2577 sayılı İdari Yargılama Usulü Kanunu`nun “İdari Davalarda Delillerin Tespiti” başlıklı 58. maddesinin 2. fıkrasında “Davaya bakan Danıştay idare ve vergi mahkemeleri istemi uygun gördüğü takdirde üyelerden birini bu işle görevlendirebileceği gibi, tespitin mahalli idari veya adli yargı mercilerince yaptırılmasına da karar verebilir” hükmü kurala bağlanmış bulunmaktadır.

Dosyanın incelenmesinden mahkemece yukarıda anılan yasa hükmü dayanak alınarak uyuşmazlığın çözümü için yapılması gerekli görülen keşif ve bilirkişi incelemesinin mahalli adli yargı merciince yaptırılması yolunda karar alındığı, bunun üzerine adli yargı mercinin tespit ettiği bilirkişi tarafından mahallinde yapılan inceleme sonucunda hazırlanan rapor esas alınarak dava konusu işlemlerin iptaline karar verildiği anlaşılmaktadır.

Yukarıda anılan yasa hükmü delillerin tespitine ilişkin düzenlemeyi içermekte olup idari yargı yerlerince keşif ve bilirkişi incelemesi yaptırılması yolunda mahalli idari veya adli yargı mercilerinin görevlendirileceği yolunda karar alınabileceğine ilişkin hüküm taşımamaktadır.

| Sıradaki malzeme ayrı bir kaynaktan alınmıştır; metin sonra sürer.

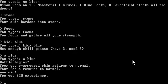Battle begins. Your stone armored skin returns to normal. Your focus returns to normal. You win.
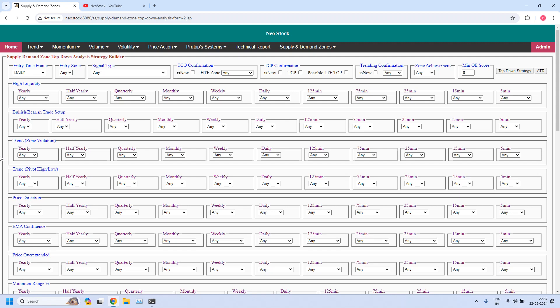Welcome back, I am Pratap. Today is 22nd May 2024. In this video, let us generate bullish and bearish trade setups for daily income trade and hourly income trade — they are nothing but short-term income trades.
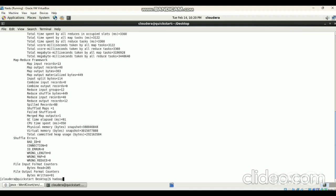To display the output, give the command: hadoop dfs -cat /wordout/part-r-00000. That is the command to display the output — then press Enter. Now it successfully displays the count of each and every word in the given sample.txt file.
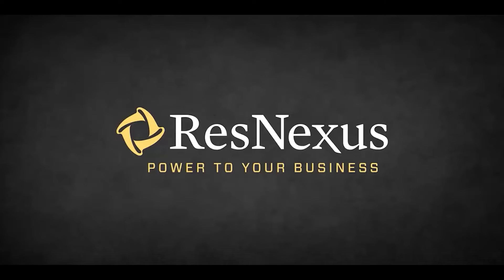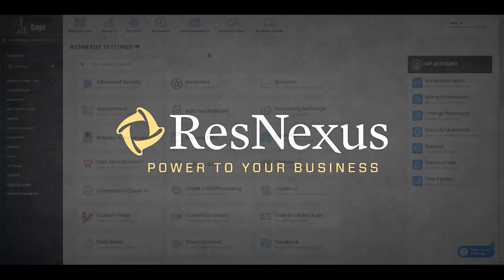Welcome to ResNexus! In this video we're going to cover how to edit your fractional booking rules.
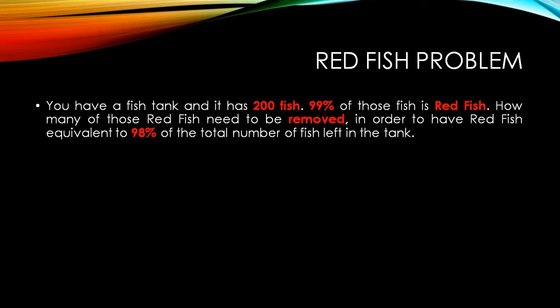So let's move ahead. This is the problem. That's what I call the red fish problem. Now the problem goes this way. You have a fish tank and it has 200 fish, 99% of those fish is red fish. How many of those red fish need to be removed in order to have red fish equivalent to 98% of the total number of fish left in the tank?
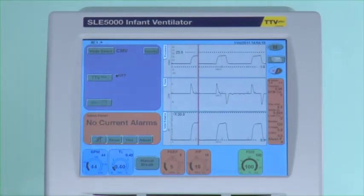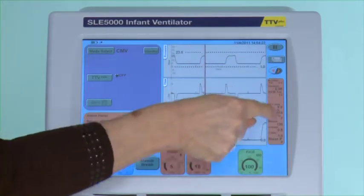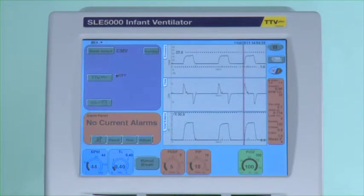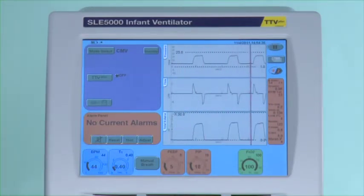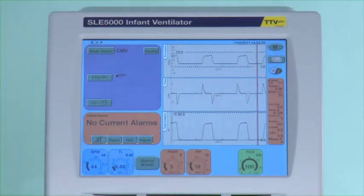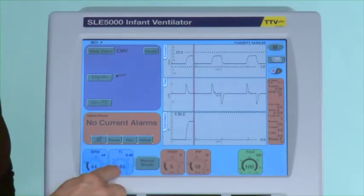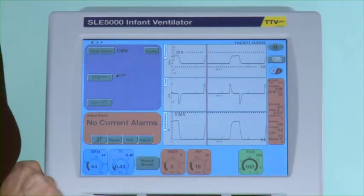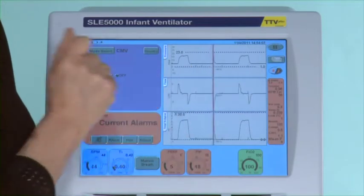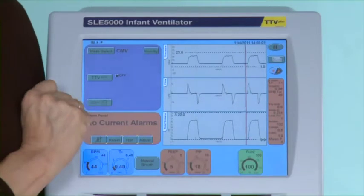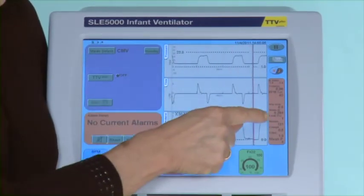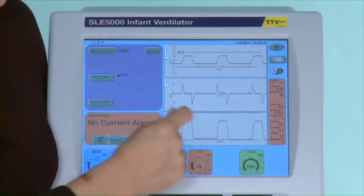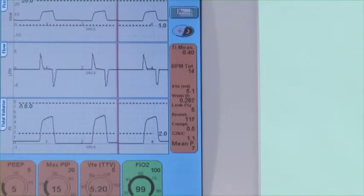Now that I am in the mode one can see the ventilation monitoring. Looking at the screen on the right hand side, the first parameter displayed is the IE ratio which is 1 to 2 because theoretically we have no patient interaction. The inspired time and expired time are displayed in their respective windows, followed by breaths per minute, end tidal volume, minute ventilation and leak percentage which is the leak around the end of the ET tube. Resistance and compliance are viewed as a trend, along with the C20C which is a guideline only, and mean airway pressure.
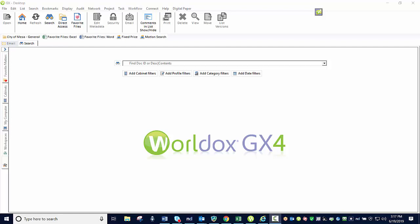Hello and welcome to this WorldDocs GX4 training session. Today we are going to discuss the topic of versioning.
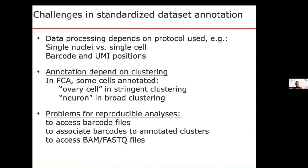When you go on Bgee and download the data — we'll show you how after the break — the data have already been annotated. For each cell, you will find the barcode and the cell type annotation in a very consistent, reproducible format.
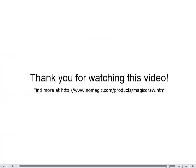Thank you for watching this video. Visit www.nomagic.com/products/magicdraw.html for more valuable information, product evaluation versions, samples, white papers, tutorials on how to use various MagicDraw functions, and more.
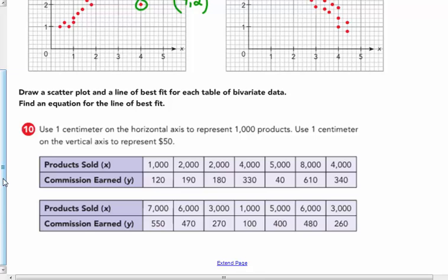Number ten: draw a scatter plot and a line of best fit for each table of bivariate data. Find an equation. We only have one complete table here. So draw a scatter plot and a line of best fit for this table of bivariate data. Find an equation for the line of best fit. First thing I'm going to do is title my graph — I'm going to call it 'Commission Earned for Sales.'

İdari yargıda keşif ve bilirkişi incelemelerinin davaya bakan idari yargı mercileri tarafından yapılması gerekli olduğundan 2577 sayılı Yasanın 58. maddesinin 2. fıkrasındaki delillerin tespitine ilişkin hükümlere dayanılarak mahalli adli yargı mercii tarafından keşif ve bilirkişi incelemesi yaptırılarak bunun sonucuna göre işlemlerin iptaline karar verilmesinde isabet bulunmamaktadır.

Açıklanan nedenlerle temyize konu Diyarbakır İdare Mahkemesinin 10.2.1994 günlü, E:1991/71 K:1994/61 sayılı kararının BOZULMASINA, dosyanın adı geçen mahkemeye gönderilmesine, 9.3.1995 gününde oybirliği ile karar verildi.